Your job with the data below is to output exactly the lines from the one holding "Autoridades capturan a" down to the one holding "preview picture of", both included, and no others.

— Provided information —
------------
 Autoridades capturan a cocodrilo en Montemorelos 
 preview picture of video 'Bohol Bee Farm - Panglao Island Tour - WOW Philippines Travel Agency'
------------
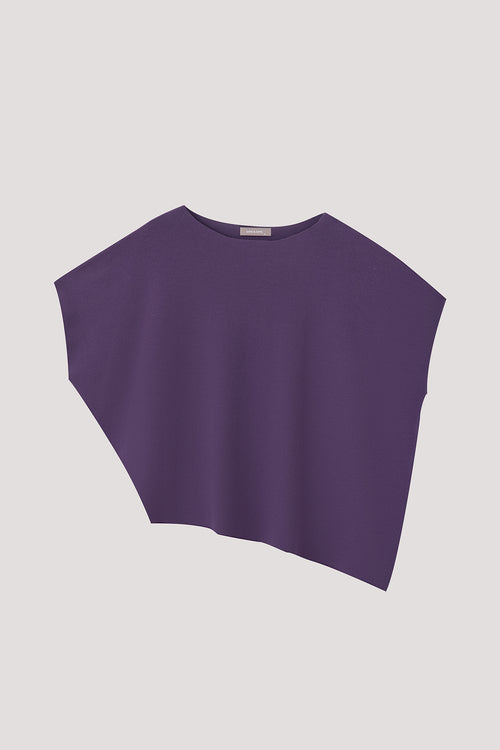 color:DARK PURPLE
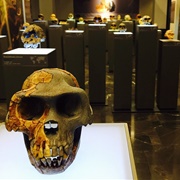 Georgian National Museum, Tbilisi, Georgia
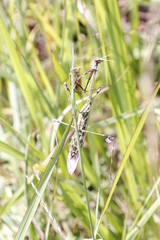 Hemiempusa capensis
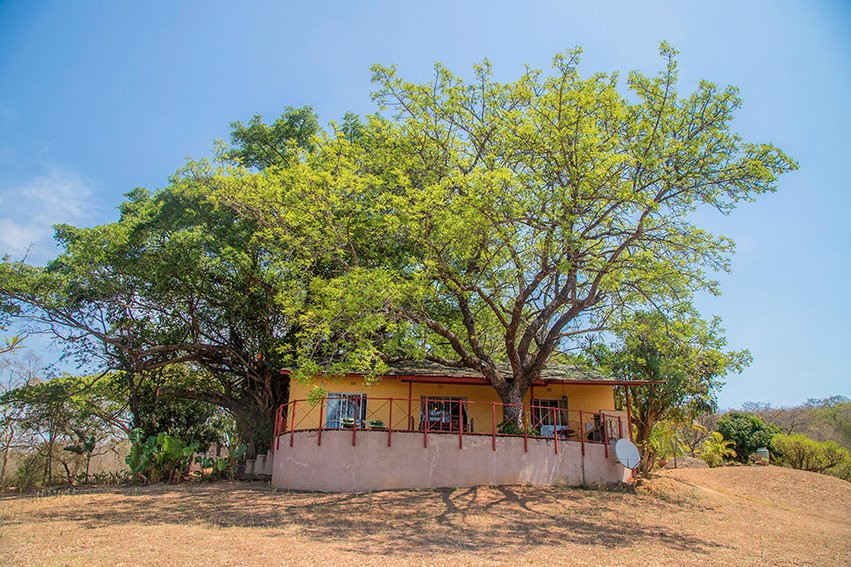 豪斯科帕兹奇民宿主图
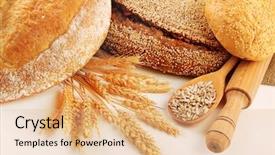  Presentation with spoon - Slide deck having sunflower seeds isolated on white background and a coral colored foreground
------------
— Answer to this problem —
 Autoridades capturan a cocodrilo en Montemorelos 
 preview picture of video 'Bohol Bee Farm - Panglao Island Tour - WOW Philippines Travel Agency'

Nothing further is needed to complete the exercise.